Tagblatt. Er wollte mit seinem Auto Jagd auf Ausländer machen, möglichst viele verletzen oder töten. Das Bezirksgericht Arbon musste prüfen, ob der 30-jährige Amokfahrer aus dem Thurgau überhaupt schuldfähig ist. Jetzt liegt das Urteil vor.
Dass er die Straftaten begangen hat, steht ausser Frage. Das meiste ist auf Smartphone und Computer dokumentiert. Auch die Amokfahrt in Amriswil vom 11. September 2020. Dabei fuhr der Mann mit seinem Auto in zwei Velofahrerinnen und verletzte eines der Mädchen schwer. Hätte er sein Auto dabei nicht schrottreif gefahren, wäre vielleicht weitaus Schlimmeres passiert. Denn der Plan des Beschuldigten war, möglichst viele Ausländer anzufahren, zu verletzen oder sogar zu töten.
Am 2. Mai stand der Beschuldigte vor dem Bezirksgericht Arbon. Jetzt liegt das Urteil vor. Es ging dabei vor allem um die Frage der Schuldfähigkeit. Ob der Mann seine Tat aus einem Wahn heraus verübt hatte oder ob er Einsicht in sein Tun hatte und damit schuldig ist. Der 30-Jährige, der von der IV lebt, war seit seiner Kindheit in psychiatrischer Behandlung, wiederholt auch stationär. Bei ihm ist eine paranoide Schizophrenie diagnostiziert worden. Dennoch legt sich auch die psychiatrische Gutachterin nicht fest.

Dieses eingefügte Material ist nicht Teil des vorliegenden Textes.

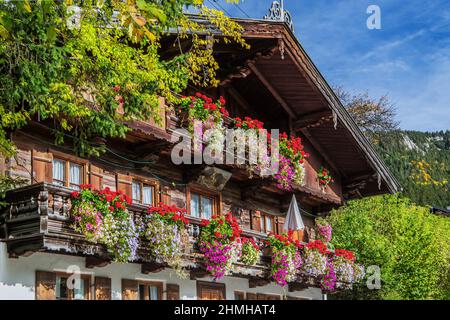 Maison de campagne typique de la haute-Bavière avec des fleurs à Birkenstein, district de Fischbachau, Leitzachtal, haute-Bavière, Bavière, Allemagne Banque D'Images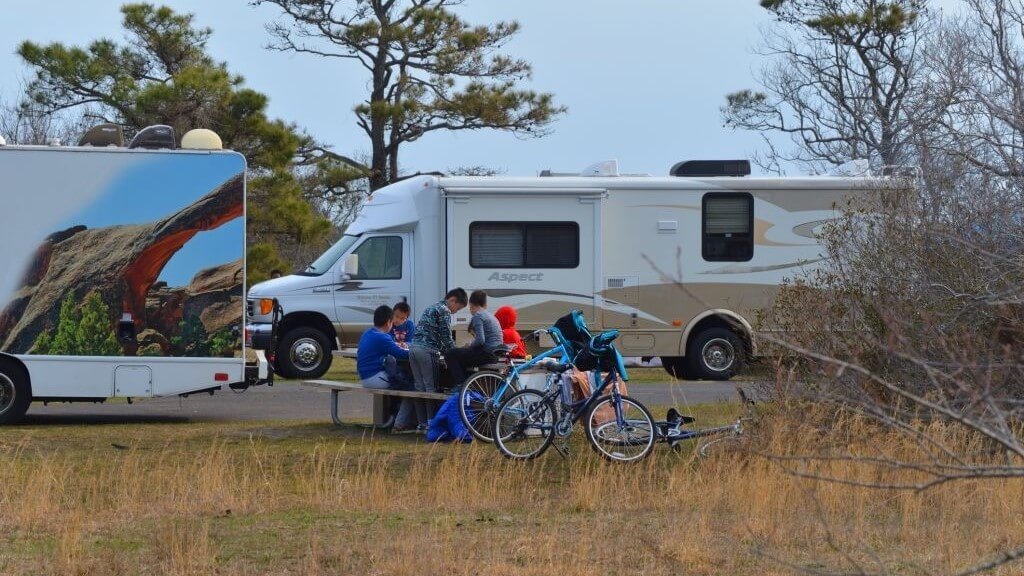 rv-supported bike camping is a common type of bicycle camping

Aus Sicht des Staatsanwaltes war dem Beschuldigten klar, was er tat. Seine Schuldfähigkeit sei höchstens niedrig eingeschränkt gewesen. Er habe aus einem lange aufgestauten Fremdenhass gehandelt und aus Frust, dass er es nicht schaffe, sein Leben in den Griff zu bekommen.
Die «kleine Verwahrung» für den Beschuldigten
Das Gericht folgte in seinem Urteil fast ausschliesslich den Anträgen des Staatsanwaltes. Es sprach den Mann schuldig in allen Punkten. Die schwersten sind: versuchter mehrfacher eventualvorsätzlicher Mord und versuchte mehrfache eventualvorsätzliche schwere Körperverletzung. Die Freiheitsstrafe erhöhte das Gericht um ein halbes auf 13,5 Jahre und verhängte neben der Busse von 500 Franken noch eine Geldstrafe von 60 Tagessätzen zu je 10 Franken.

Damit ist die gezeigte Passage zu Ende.